Posted by Nora 56 on Sunday, June 2, 2013 at 7:32pm.

Sorry to repost but no one answered after I posted on the 2nd,please help,

Suppose that you are in a class of 31 students and it is assumed that approximately 13% of the population is left-handed. (Give your answers correct to three decimal places.)

(a) Compute the probability that exactly five students are left-handed.

Answer .161

(b) Compute the probability that at most four students are left-handed.

Answer .129

(c) Compute the probability that at least six students are left-handed.

Answer .193

•Math check answer - bobpursley, Sunday, June 2, 2013 at 8:19pm

a. what is .13^5 * .87^(31-5) >

Put .13^5 * .87^(31-5)= in your google search window.

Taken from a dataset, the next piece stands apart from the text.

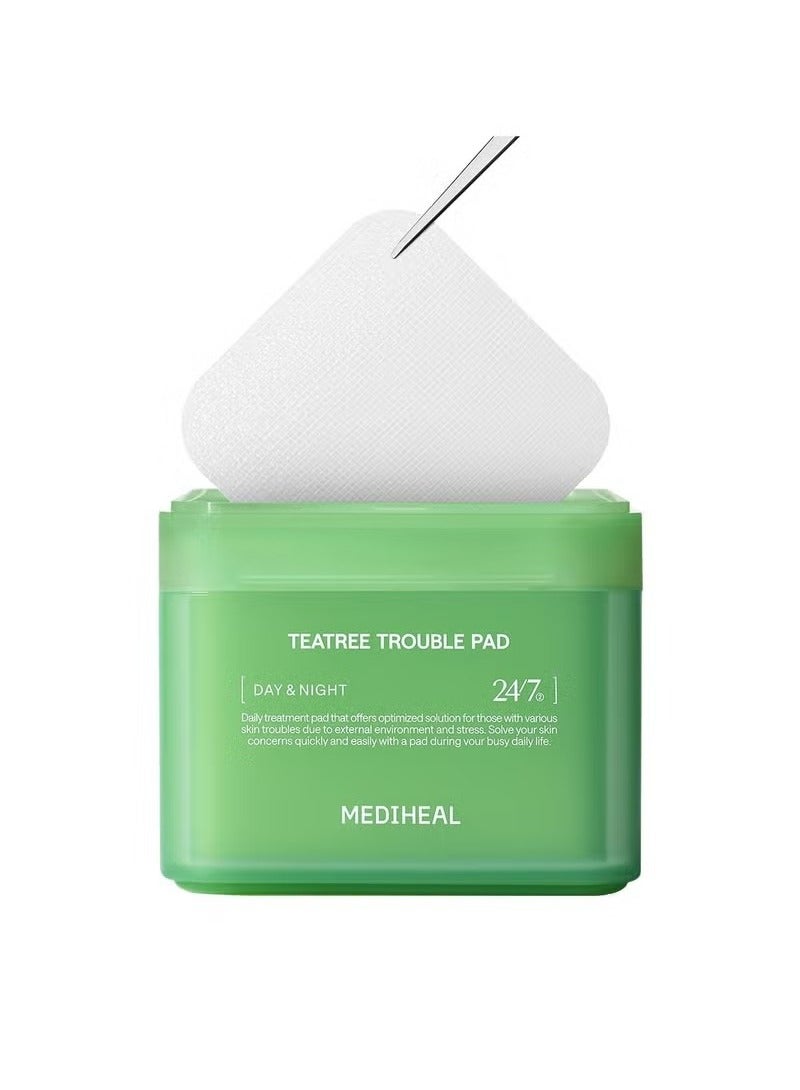 Teatree Trouble Facial Toner Pads with Tea Tree & Lactobacillus - Soothing Cotton Pads for Sensitive & Acne Prone Skin - Vegan Face Gauze, 100 Pads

b. at most four students...

add the probabliliy of one, two, three, four, and none are left handed.

Pr=.13^0*.87^31+.13^1*.87^30 + ...

c. at least six?

that is the same as 1- probability5orless

= 1- Pr(a)-Pr (b) where pr(a), pr(b) is in part a, and b.

•Math check answer - Nora 56, Thursday, June 6, 2013 at 10:01am

I worked this out like you said above and got (a)9.936 (b)9.955 and both of them were wrong, any suggestions????